Als ich das «kult» herausgab, ging es mir dann vor allem um Authentizität. Auch formal. Wir haben quasi die gesprochene Sprache geschrieben und so eine viel direktere Sprache in ein Medium gebracht. Ich fand einfach, so wie in den Zeitungen redet ja kein Mensch. Es ging am Ende um Werte wie Authentizität und Freiheit. Wenn ich mich zwischen Sicherheit und Freiheit entscheiden muss, wähle ich immer die Freiheit. Und es ging auch um die Pflicht, Dinge und Geschehnisse zu hinterfragen. Das sind auch die Werte, die ich meinen Kindern zu vermitteln versuche.

«Wenn ich mich zwischen zwischen Sicherheit und Freiheit entscheiden muss, wähle ich immer die Freiheit.»

Wie machen Sie das?

Vor kurzem sollte mein zwölfjähriger Sohn in der Schule ein Land vorstellen. Er wählte Nordkorea. Ich hab ihn gefragt, warum. Er meinte, weil da so ein verrückter Diktator sei und so. Da hab ich gefragt: Woher willst du das denn wissen? Darauf er: Das sagen doch immer alle. Da habe ich ihm gesagt, dass man vorsichtig sein soll mit Sachen, die man so hört. Dass er sich seine eigenen Gedanken machen soll, dass er nachforschen muss, wer dieser Präsident ist, wie seine Vorgänger waren, was sie dort essen, welche Feiertage sie haben. Ich sagte ihm, er solle Fragen stellen, wenn er etwas nicht versteht. Bis er es versteht. News und Geschwätz sind schlechte Lehrer.

Und Sie konsumieren gar keine Medien?

Nein. Ich habe keine Zeitung abonniert. Manchmal gucke ich dafür einen ganzen Nachmittag lang «Modern Family» auf Netflix.

Vermissen Sie das Schreiben nicht?

In gewisser Weise schreibe ich als Musiker immer noch: Nämlich Songs. Der Textstil ist vielleicht ein bisschen anders. Wenn ich Lieder schreibe, gehe ich fragmentarischer vor. Aber ich vermisse die Medienlandschaft nicht. Die Menschen, mit denen ich zusammenarbeite, sind jetzt viel angenehmer.

Wieso? Im Showbusiness sind die Menschen doch auch nicht immer einfach.

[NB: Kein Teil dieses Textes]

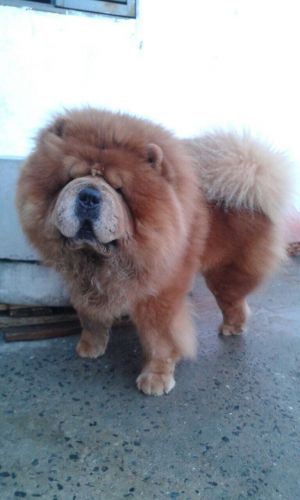 Dog Photo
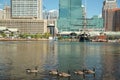 Canadian goose swimming in baltimore maryland inner harbor
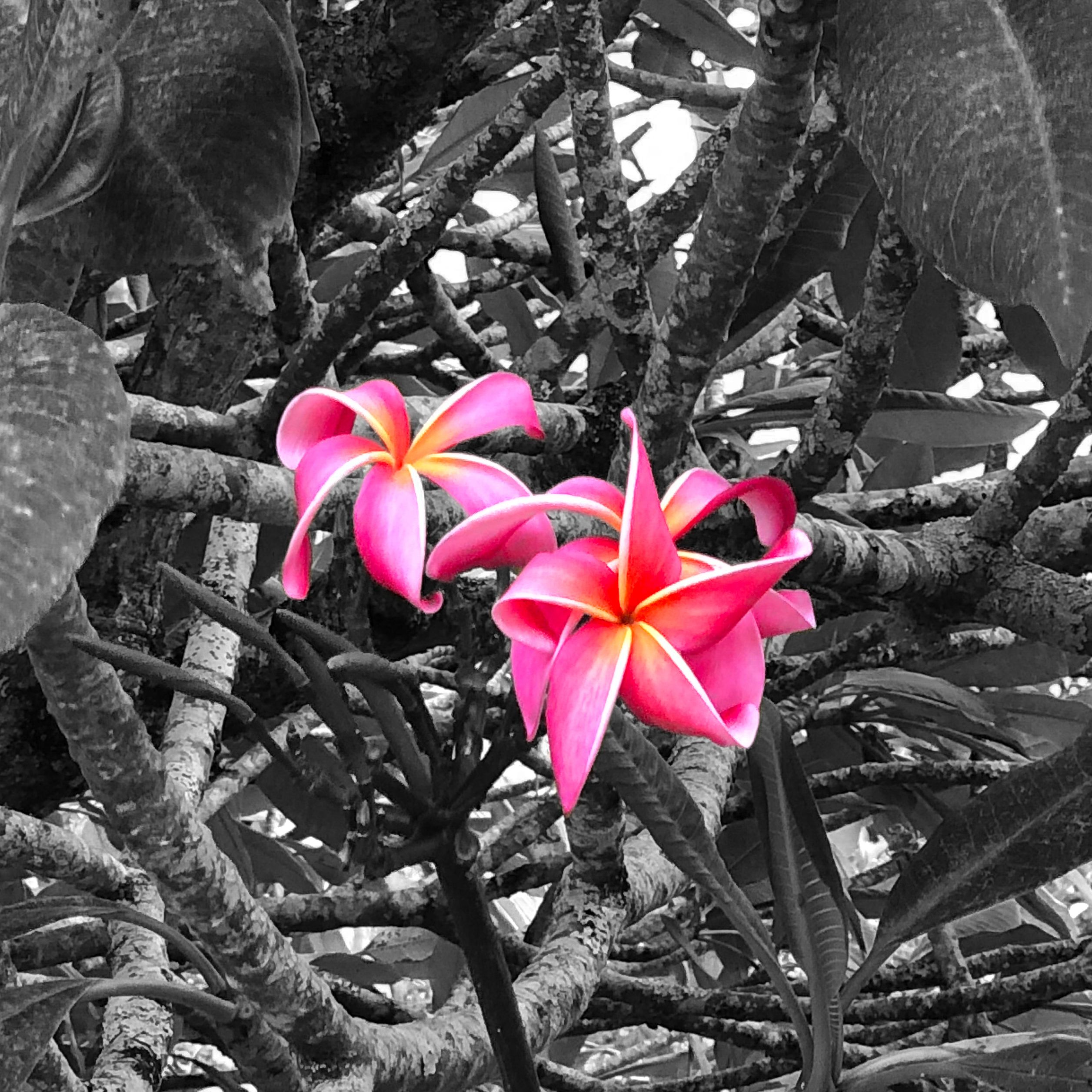 Plumerias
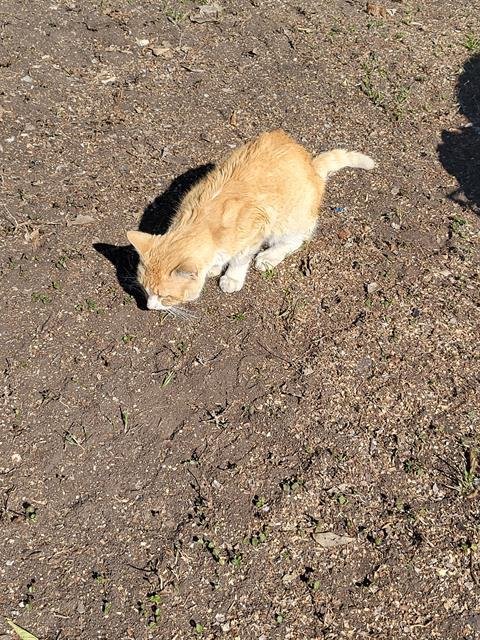ORANGE BOY - Domestic Short Hair available for adoption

Die Medienlandschaft ist mir zu hitzig geworden. Sie widmet sich zurzeit vor allem dem Befeuern von niederen Instinkten wie Empörung und Wut. Die Toleranzgrenze zu anderen Weltanschauungen ist generell gesunken. Andauernd fühlt sich irgendwer wegen irgendetwas «offended». Ich hab keinen Bock mehr auf diese Diskussionen. Ich wollte mich etwas Positivem zuwenden. Bei der Musik geht es um das Verbindende, nicht um das Trennende. Wenn einer eine andere politische Meinung hat, sage ich: «Na und? Fuck it, lass uns Musik machen».

Zur Person:

Rainer Kuhn gründete in den 90ern das Magazin «kult» und war von Anfang 2014 bis Ende 2015 Chefredaktor der «Maurmer Post». Vor zwei Jahren bewarb er sich mit seiner Gruppe «Beglinger and the Moonshine Band» für den Eurovision Song Contest, kam jedoch nicht in den Expertencheck. Nach wie vor ist Kuhn in seiner Kommunikationsagentur tätig, gab kürzlich das Buch «Hitmill – Ein Blick hinter die Kulissen der Schweizer Hitfabrik» heraus, in welchem er Schweizer Musikproduzenten in Gesprächen biografisch portraitiert. Der 56-Jährige lebt mit seinen drei Kindern und seiner Partnerin in Pfaffhausen.